The Suanpan design changed in the Ming and Qing Dynasty(1368~ 1912) to 2 beads on the top, and 5 beads at the bottom due to the use of hexadecimal weight units during that period, which is what modern Westerners now refer to as “suanpan”
Sorobans in Japan
During the Muromachi period in Japan(around the 14th century), Suanpans with a 2:5 bead design started to appear in Japan because of trading with China(Ming Dynasty).
The Japanese thought the 2:5 suanpan was unnecessarily complex and reduced the bead count to a 1:4 design, which happens to be the same as the old Chinese ones. They call it “sorobans”, which is the translation of “suanpan” from Chinese to Japanese.
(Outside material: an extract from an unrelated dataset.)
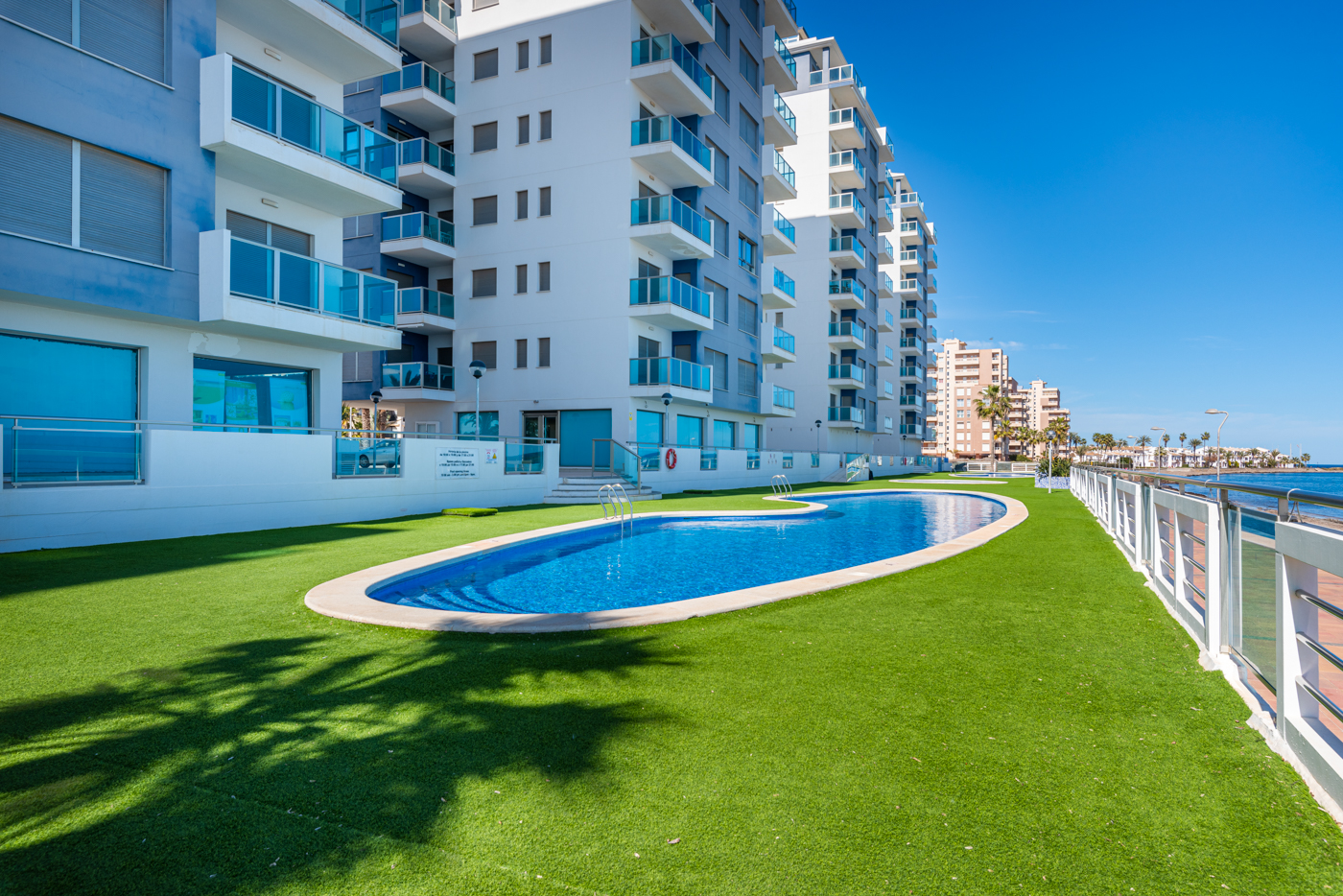 1 Bed, 2 Bath, ApartmentFor Sale, La Manga, Alicante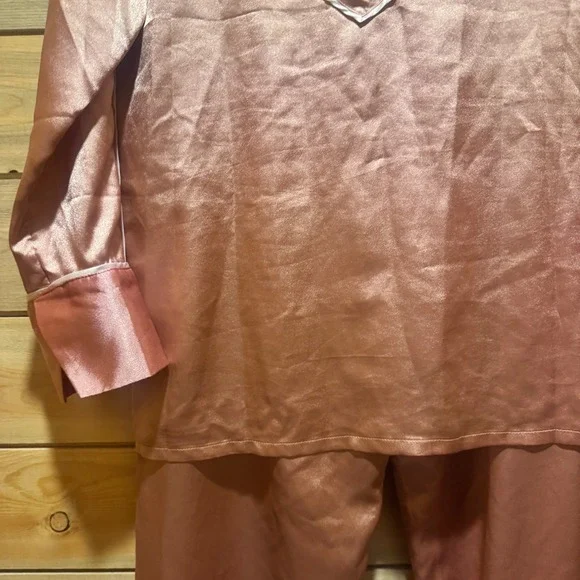 We are HAH Satin Pajama Set Pink Button Down Top Wide Leg ECO Friendly Sz Sm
Modern Suanpans and Sorobans
Suanpans had almost faded away completely in Chinese everyday life due to the economic switch to metric units of measure and the invention of digital calculators. It can usually only be found in museums and antique shops nowadays.
Sorobans on the other hand are still hanging around in many Asian regions because of their decimal design. Most elementary schools in Taiwan, China, and Japan have soroban classes of some sort.
Modern-day sorobans that can still be seen in most stationery shops in China, Taiwan, and Japan are suanpans that have a 1:4 bead design for decimal calculations with 23 columns of wooden or plastic beads. Some of them may also have a convenient clearing mechanism depending on the manufacturer.
Appearance
Modern soroban with a 23-column design can handle two large calculations simultaneously:
The dots shown below, work like the thousands and decimal separators as in the display of “1,000,000”.
The clearing button at the top zeros out all columns quickly in one step:
How to express numbers with soroban
Sorobans express numbers with a bi-quinary (two base 5s) system to store each decimal (base 10) digit:
The numbers should be read left to right, For instance:
Always clear it before using it
If your soroban has a clearing button, just press it. It will do the work for you.
If your soroban doesn’t have this feature, you can do it by hand: Put your thumb and index finger on the soroban’s middle beam, and sweep it across the device. That will sweep all the beads to their cleared position.
Other Cool Facts
Suanpans ( The 2:5 bead one) can be used to play checkers:
https://en.wikipedia.org/wiki/Abacus_checkers/
There was once a soroban versus an electronic calculator competition that took place in Japan in 1947:
https://www.ee.ryerson.ca/~elf/abacus/abacus-contest.html
The soroban won four rounds out of five rounds. Losing once, when performing a set of multiplication problems.
Besides basic arithmetic, a soroban can also do:
- Square roots:
https://scienceblogs.com/goodmath/2006/10/02/square-root-on-the-abacus
- Cube roots:
http://totton.idirect.com/soroban/Print_Cube_Root.pdf
- Higher degree roots using Newton’s method:
https://math.stackexchange.com/ques…-sqrt-x-without-using-logarithm/538055#538055
Final Thoughts
Suanpans have been the primary accounting tool for centuries of businessmen and traders and are still in active use today in many Asian countries. They can be a fun way to improve your calculating ability or to teach your kids about numbers while at the same time providing an environmentally friendly way of reducing your reliance on battery technology and calculators.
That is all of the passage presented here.